Für Marx beschränkte sich die fundamentale Krisentendenz der kapitalistischen Produktionsweise nicht auf periodische Wirtschaftsabschwünge. Vielmehr zeigte sie sich am eindrücklichsten in einer permanenten Krise der Arbeitswelt. Die differentia specifica kapitalistischer ›ökonomischer‹ Krisen – dass Menschen trotz guter Ernten verhungern und Produktionsmittel trotz Bedarfs an ihren Erzeugnissen brachliegen – ist lediglich ein Moment dieser umfassenderen Krise: der ständigen Reproduktion einer Knappheit von Arbeitsplätzen inmitten eines Überflusses an Gütern. Es ist die Dynamik dieser Krise – der Krise der Reproduktion des Verhältnisses von Kapital und Arbeit –, die der vorliegende Artikel untersucht.3

Einfache und erweiterte Reproduktion

So komplex die Resultate des Kapitals sind, es hat nur eine wesentliche Voraussetzung: Menschen, die keinen direkten Zugang zu den lebensnotwendigen Gütern haben und folglich auf die Vermittlung des Marktes angewiesen sind. Daher der Begriff ›Proletariat‹, der ursprünglich landlose Bürger in römischen Städten bezeichnete. Mangels Arbeit befriedete der Staat sie zunächst durch Brot und Spiele und später, indem er sie als Söldner beschäftigte. Doch die proletarische Existenz ist historisch betrachtet außergewöhnlich: In Gestalt von autarken Bauern oder Hirten besaß die globale Bauernschaft meist direkten Zugang zum Land, auch wenn sie fast immer einen Teil ihres Produkts an die herrschenden Eliten abgeben musste. Dies machte die »ursprüngliche Akkumulation« notwendig: Die Trennung der Menschen vom Land, ihrem wichtigsten Reproduktionsmittel, bewirke eine umfassende Abhängigkeit vom Warentausch.4 In Europa wurde dieser Prozess in den 1950er und 1960er Jahren abgeschlossen. In globalem Maßstab nähert er sich – mit Ausnahme des subsaharischen Afrika, Teilen Südasiens und Chinas – erst jetzt seinem Endpunkt.

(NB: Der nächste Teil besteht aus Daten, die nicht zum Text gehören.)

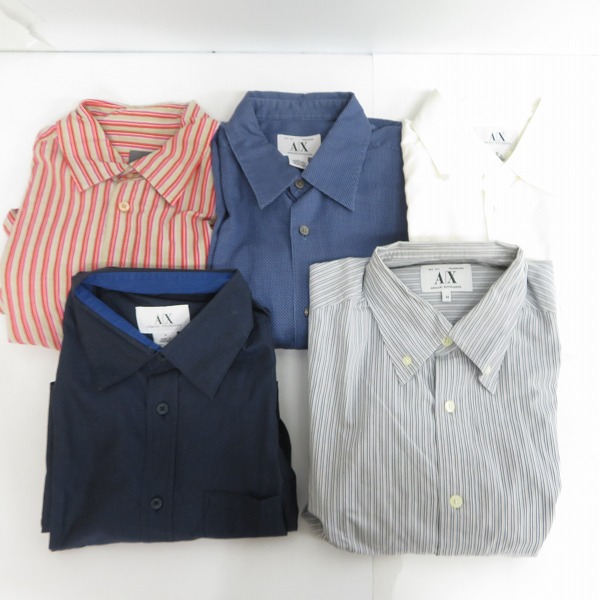 実際に弊社で買取させて頂いたARMANI EXCHANGE/アルマーニエクスチェンジ 無地/ストライプ 長袖シャツ/M 5点セット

Es genügt jedoch nicht, dass die Trennung der Menschen vom Land einmal vollzogen wird. Damit sich Kapital und ›freie‹ Arbeit stets von Neuem auf dem Markt gegenübertreten, bedarf es ihrer beständigen Wiederholung. Zum einen muss das Kapital auf dem Arbeitsmarkt bereits eine Masse von Menschen vorfinden, die keinen direkten Zugang zu Produktionsmitteln besitzen und folglich ihre Arbeitskraft für einen Lohn anbieten. Zum anderen muss es auf dem Absatzmarkt bereits eine Masse von Menschen vorfinden, die über einen Lohn verfügen und ihn für Waren ausgeben wollen. Sind diese zwei Bedingungen nicht gegeben, kann es nur begrenzt akkumulieren, da ihm Massenproduktion und -absatz verwehrt bleiben. Die Möglichkeit einer Massenproduktion war außerhalb der USA und Großbritanniens bis 1950 eben deshalb begrenzt, weil die Größe des Marktes begrenzt war – aufgrund der Existenz einer großen, sich teilweise selbstversorgenden Bauernschaft, die nicht in erster Linie vom Lohn lebte. Die Geschichte der Nachkriegsphase ist die Geschichte der tendenziellen Abschaffung der verbliebenen globalen Bauernschaft, zunächst als autarke Bauern und schließlich als Bauern, die das von ihnen bearbeitete Land besitzen, schlechthin.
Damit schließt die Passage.